Based on what I’ve been able to find out about “neckbeards”, it seems to relate to poor hygiene and grooming and/or being fat. I genuinely don’t understand this – so we’re making fun of nerdy guys for their bodies or their facial hair now? Like…categorically? I understand that there is a sub-set of nerddom that could stand to bathe more frequently, but that applies to all people. Not nerds, not guys, all people. Any large gathering of any group had stinky folks, or have you never attended a concert or State Fair before? We already have tons of words to describe being stinky or smelly (I just used two of them!). Likewise, I don’t get this thing of mocking bad nerdy guy behavior (and yes, there is definitely some worth mocking) via mocking their bodies or looks. Are we really doing that now? We’re going to make people who are fans of shit we’re fans of feel bad about their physical appearance? Really? Cause I am not into it.

This got bounced around on my corner of Twitter, and it seems like the closest thing to “neckbeard” that actually means what it says would be along the lines of, “misogynerd.” So to whatever extent anyone wants to claim I have influence over anything or anyone: go forth and rightfully call out misogynerds on their fucked up ways, be it total denial that rape is even real to that freaky-condescending “chivalrous” claim that all girls are mysterious, unknowable beings from a mystical realm. (And if you genuinely want to get someone to shave their neck-hairs, I’ve found, “you look like a Confederate soldier,” to be effective. But that’s something I teasingly say to my partner when his goatee starts to disappear into his unshaven stubble, not something I say to a stranger as if I assume they want to be found attractive by me in the first place.)

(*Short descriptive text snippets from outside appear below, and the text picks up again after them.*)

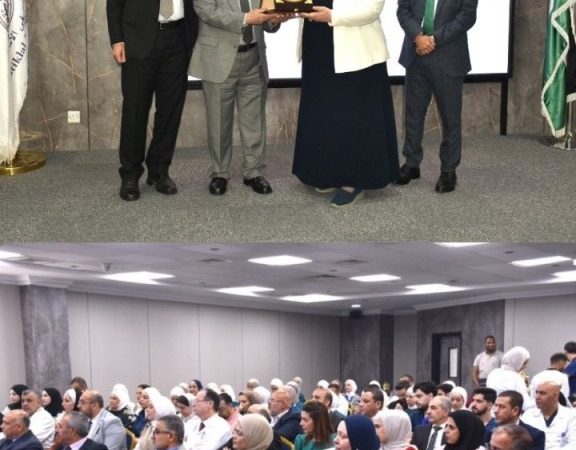 تكريم كلية التمريض في عمان الأهلية باحتفالية مستشفى الاستقلال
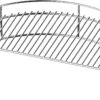 Warming Rack For 22 Weber Kettle Grills And Bigger One-Touch Weber Charcoal Grills Bar-B-Kettle Charcoal, Smokey Mountain Cooker Smoker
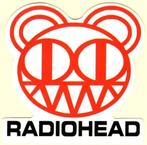 Radiohead sticker #1, Verzenden, Nieuw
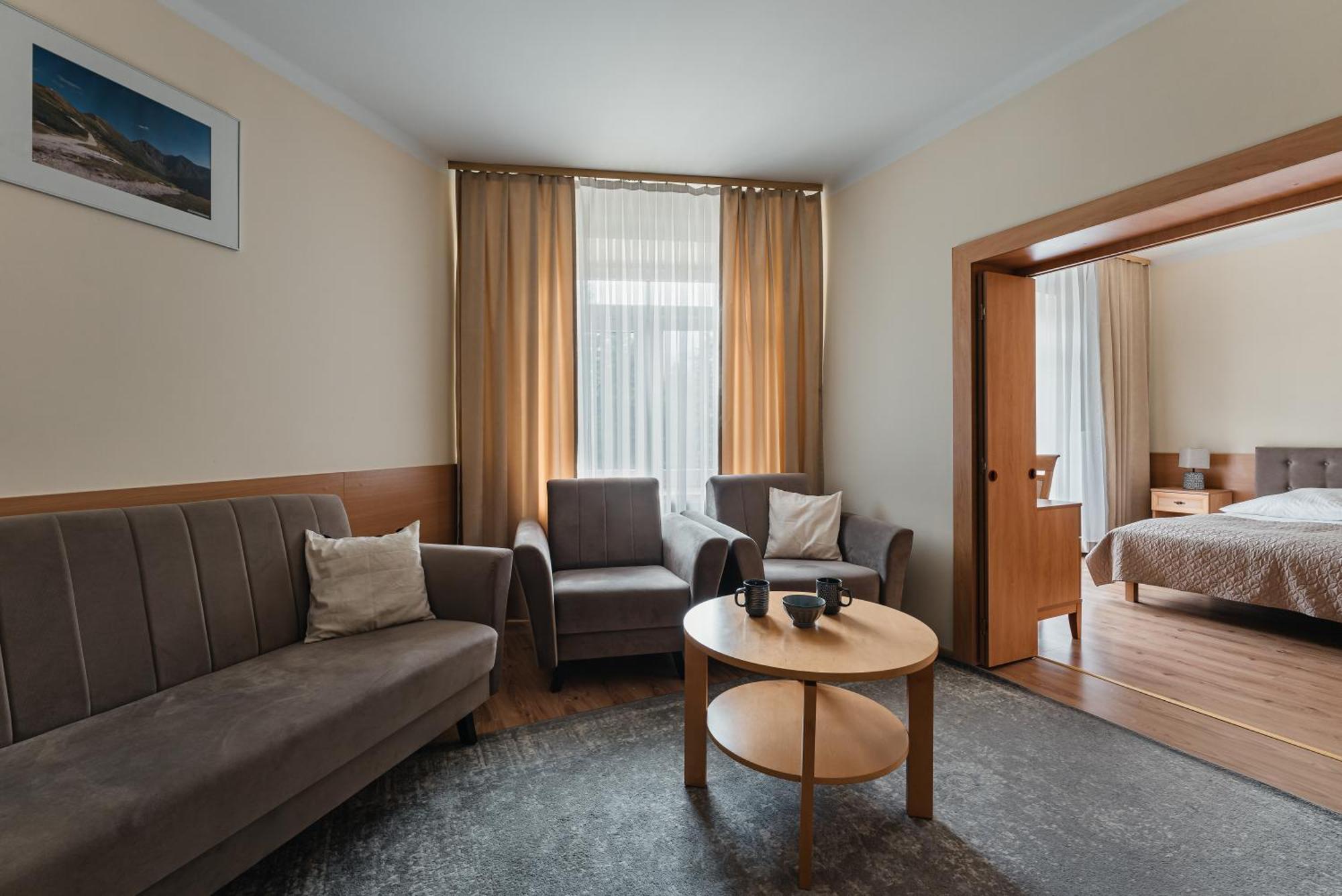 Hotel Rewita Koscielisko-Zakopane Exteriér fotografie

On the rape apology thing…the PA guys haven’t said anything up to this point that’s made me go, “hey, rape apology.” Others may disagree, and again – if you see someone saying things that you don’t think are correct, and you want them to stop, maybe consider actually engaging the person using the terms you don’t like in conversation? I mean, I get that whoever is writing FNPA is anonymous and brilliantly scary, and meanwhile you already know my real name and can ask me questions on Twitter whenever you feel like it. But again: I am not the Sheriff of Internet Feminists. We aren’t an organized unit, and we disagree with each other a lot.

To wit:

“I think rape only happens to women, or happens to women so disproportionately that I’m comfortable telling men they shouldn’t comment on the subject at all.”
I think I’ve gone through the comments and left messages directly to the people putting this idea forth, but just in case I missed one, and to keep it from happening in the future: Rape and sexual assault happen to all genders, not just women. I’m not interested in engaging in debate on this issue. If you must perpetuate that lie, and thus feed into one of the myths of rape culture, let me at least assure you that I will not let you perpetuate it here. Anyone who responds to this post trying to argue with me about this fact will have their comment deleted and their IP address banned. That is how little I care about hearing the “other side” of this issue. It’s a lie, and a damaging one, and it erases the experiences of multiple people I know.

And lest I let a teachable moment pass: That paragraph? Is actual censorship.